How do you select one idea over another? The innovation leadership dilemma is a classic decision-making problem. In an Inc.com article, Professor Bacharach lays out the 7 Criteria to Select the Best Idea. Updated October 9, 2024.
One of the challenges that every innovative leader faces is how to select among different ideas that emerge during the innovation process. Which ideas do you select? What ideas do you begin to prototype?
Leading the innovation process requires getting your team to develop a lot of ideas (good and bad ones) and connecting them in creative ways. It’s an ideation journey that’s at once fun, exhilarating, and frustrating. But the rubber hits the road when you have to make up your mind which idea to move ahead.
In a world where resources are scarce and in an environment in which the most rational decision could lead to failure, leaders have to use their own experience in deciding which idea to move forward.
How do you select one idea over another?
The innovation leadership dilemma is a classic decision-making problem. Unless you have a template by which to judge ideas, you’ll be flipping and flopping, and you’ll never be quite sure how to select. In an organizational context where time and resources are essential, you need to have clear criteria to select the best idea.
In the final analysis, innovation leaders are held accountable not simply for the success of the prototype, but for their decision to move an idea or prototype forward. When you’re facing that challenge, you have to give a justification beyond your gut feeling. You need to present the criteria you used to support your decision. The following are some criteria that you should consider.
- Clarity
Leaders can choose to rely on Occam’s razor. They can select the idea that makes the fewest assumptions. By choosing an idea that has the fewest unknowns a leader can safeguard against surprises and disasters.
Of course, the simplest solution may not be the most daring. A leader who promotes innovation won’t always take the well-traveled road but won’t leave behind their map either.
- Usability
Does the idea fulfill a practical need? Is it utilitarian? That is, does it answer some specific problem or meet some particular market demand. If it does, is it likely that the idea can find a market niche? The practicality, usability, and marketability of an idea are crucial.
- Stability
Is this a niche idea answering a one-time unique need or customer demand? Does the idea have some market stability over time, or is it a fad? Ideas that become antiquated before they even reach market are ideas that should be selected with extreme caution.
- Scalability
Is the prototype capable of being scaled? Can it be duplicated with consistency, meet continuous standards, and be replicated in such a way that it can be produced and produced again without constantly being reinvented or adjusted?
- Stickiness
Can this idea become a habit or a trend? Often “stickiness” is used from the utilitarian standpoint (that is, its usability) but stickiness can also define its emotional appeal. Is the idea or prototype capable of bringing to market a product that will be driven over time by the customers’ sense that it is a necessity?
- Integration
Is this idea fully integrated with the organizational strategy? Often ideas and prototypes are wonderful, but outliers in the organizational strategy may not receive the organizational support necessary to sustain the viability of the effort. They will peter out. Great ideas, useable prototypes must be integrated, or capable of being integrated with the overall strategy of the organization.
- Profitability
This is usually what everyone focuses on. Competing ideas are always ranked by their perceived earning potential, but the answer is not always clear.
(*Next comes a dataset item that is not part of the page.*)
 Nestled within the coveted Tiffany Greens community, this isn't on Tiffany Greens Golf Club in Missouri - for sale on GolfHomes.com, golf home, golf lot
It’s an innovation leader’s unique job to keep an eye not only on an idea’s dissemination potential and revenue opportunity, but also on the other factors discussed above.
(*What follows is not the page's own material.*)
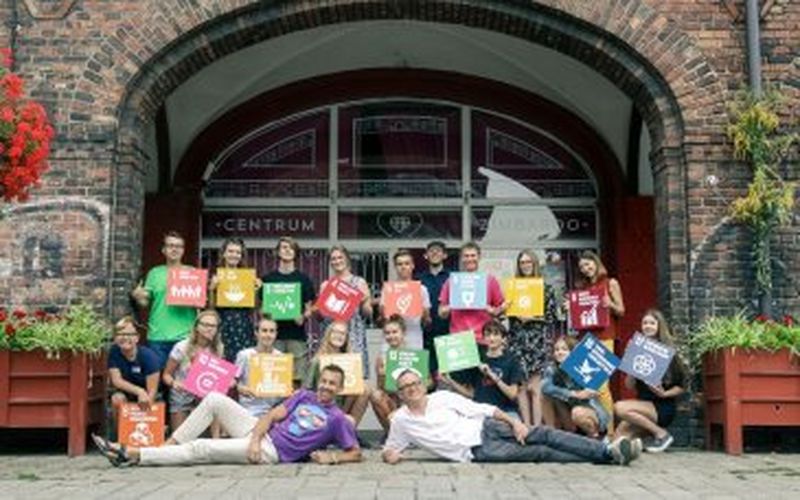 Nordisk fotokonkurrence giver unge en bæredygtig stemme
Leaders often must make hard decisions, and innovation leaders must constantly evaluate what idea or prototype to move forward. Every time you make a decision, you’re at risk. No matter how much data you’ve accumulated or how much research you’ve done, something will be missed. What is important is that you develop a language of justification; whether your idea has succeeded or failed, you need to be able to let others know why you choose one path over another.